In Toscana lavorano circa 500 forestali per assolvere ai compiti di cura del patrimonio forestale, che ammonta a 110.526 ettari (circa 172 ettari ad operaio). Si spendono parole importanti sul ruolo della forestazione in Toscana (che è il territorio più boscato d'Italia), sulla prevenzione dell'ambiente e la salvaguardia idrogeologica, sulla manutenzione e l'usufruibilità del bosco nella nostra regione anche con interventi di antincendio, ma non si capisce di chi sono le responsabilità su questa materia, chi la gestisce, chi ci lavora e con quali prospettive.

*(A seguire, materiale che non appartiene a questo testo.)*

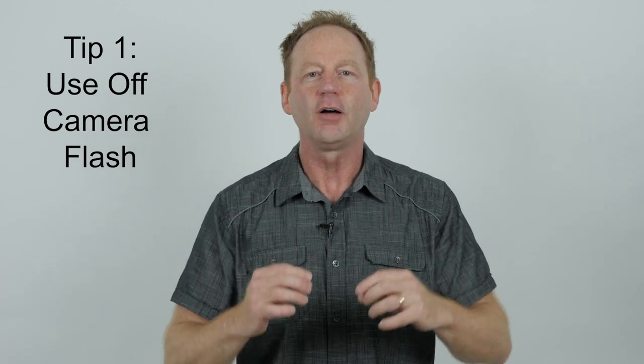Hey everybody, it's Craig Bechtel here and in this video I'm going to share five tips with you to quickly improve your photos. Tip number one: use off-camera flash.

E' arrivato il momento di fare chiarezza e di indicare chi e come debba occuparsi della tutela dell'ambiente boschivo, della sua prevenzione e manutenzione. In qualunque situazione, dal servizio antincendio alle emergenze invernali, gli operai forestali sono stati sempre in prima fila con capacità operativa ad affrontare le calamità.

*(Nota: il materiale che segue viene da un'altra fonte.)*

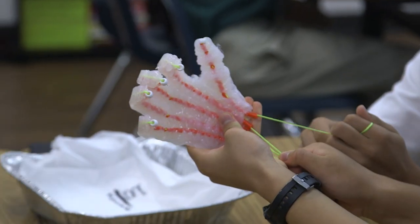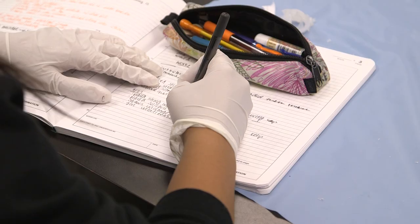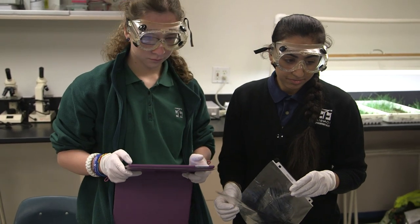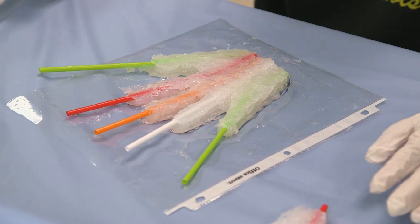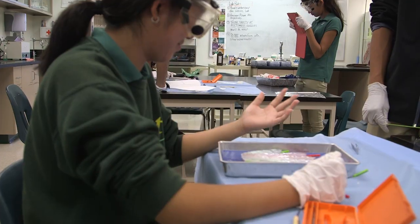Throughout this week and last week we've been building model hands out of silicone, straw, and string. We were not given a procedure or any background on how to do it — we had to do our own research and figure it out ourselves. The point was to create a prototype and model, and using that, understand the engineering process: problem, solution, problem, solution.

In questo 2016, a sorpresa, la Regione Toscana nel suo bilancio non ha stanziato alcun finanziamento per il settore forestazione, così di colpo gli operai forestali spariscono dalla scena, il loro lavoro finisce, diventano inutili come presenza territoriale. La loro occupazione diventa precaria, i loro stipendi a rischio. La Regione e Le Unioni dei comuni vogliono assumersi una responsabilità così grave?
E' per queste ragioni che il 23 marzo gli operai forestali toscani scioperano, con l'obiettivo di dare una prospettiva per il settore forestale della nostra regione. E' invece fondamentale ridare protagonismo al ruolo degli operai forestali, non solo nell'ambito della gestione del patrimonio forestale regionale ma anche rispetto al ruolo di prevenzione e difesa che si è andato negli anni consolidando, e che ha creato i presupposti per allargarne le competenze.
Per questo servono risposte certe, coerenti con le affermazioni fatte in sede di campagna elettorale e nel programma di legislatura di questa Giunta regionale. Al Presidente Rossi chiediamo e dal Presidente Rossi pretendiamo una presa di posizione coerente, pubblica e chiara. La deve a tutti i toscani. A quelli che vivono nelle zone rurali e montane e quelli che vivono a valle e nelle città, e che della manutenzione montana e forestale fanno un elemento di sicurezza.
Lo sciopero, unitario a livello sindacale, vale come forte denuncia di una situazione che può ma non deve tracollare. E' un gesto forte e simbolico ma anche un monito per tutti ad assumere comportamenti istituzionali di governo del territorio e di responsabilità. La nostra iniziativa per dedicare centralità a questo settore non è isolata, perché non è isolata l'attenzione ai temi ambientali e all'assetto idrogeologico. La mobilitazione continuerà con determinazione e tenacia.